Records for this task

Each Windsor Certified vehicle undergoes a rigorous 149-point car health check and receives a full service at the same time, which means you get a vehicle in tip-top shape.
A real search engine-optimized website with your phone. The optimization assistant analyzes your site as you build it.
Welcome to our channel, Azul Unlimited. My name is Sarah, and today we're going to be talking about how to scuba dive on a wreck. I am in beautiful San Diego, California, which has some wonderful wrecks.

...

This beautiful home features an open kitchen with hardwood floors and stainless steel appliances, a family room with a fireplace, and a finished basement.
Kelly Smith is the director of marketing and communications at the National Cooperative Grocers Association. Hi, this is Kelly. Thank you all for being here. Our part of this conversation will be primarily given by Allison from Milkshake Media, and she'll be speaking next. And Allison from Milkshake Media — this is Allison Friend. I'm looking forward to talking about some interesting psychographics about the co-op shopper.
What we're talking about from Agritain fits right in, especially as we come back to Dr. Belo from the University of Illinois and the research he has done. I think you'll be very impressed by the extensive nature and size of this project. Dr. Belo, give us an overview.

What to do
With the line holding "Kelly Smith is" as the first and the line holding "What we're talking" as the last, set down that range of the entries above exactly, and nothing else.

Exercise solution
Kelly Smith is the director of marketing and communications at the National Cooperative Grocers Association. Hi, this is Kelly. Thank you all for being here. Our part of this conversation will be primarily given by Allison from Milkshake Media, and she'll be speaking next. And Allison from Milkshake Media — this is Allison Friend. I'm looking forward to talking about some interesting psychographics about the co-op shopper.
What we're talking about from Agritain fits right in, especially as we come back to Dr. Belo from the University of Illinois and the research he has done. I think you'll be very impressed by the extensive nature and size of this project. Dr. Belo, give us an overview.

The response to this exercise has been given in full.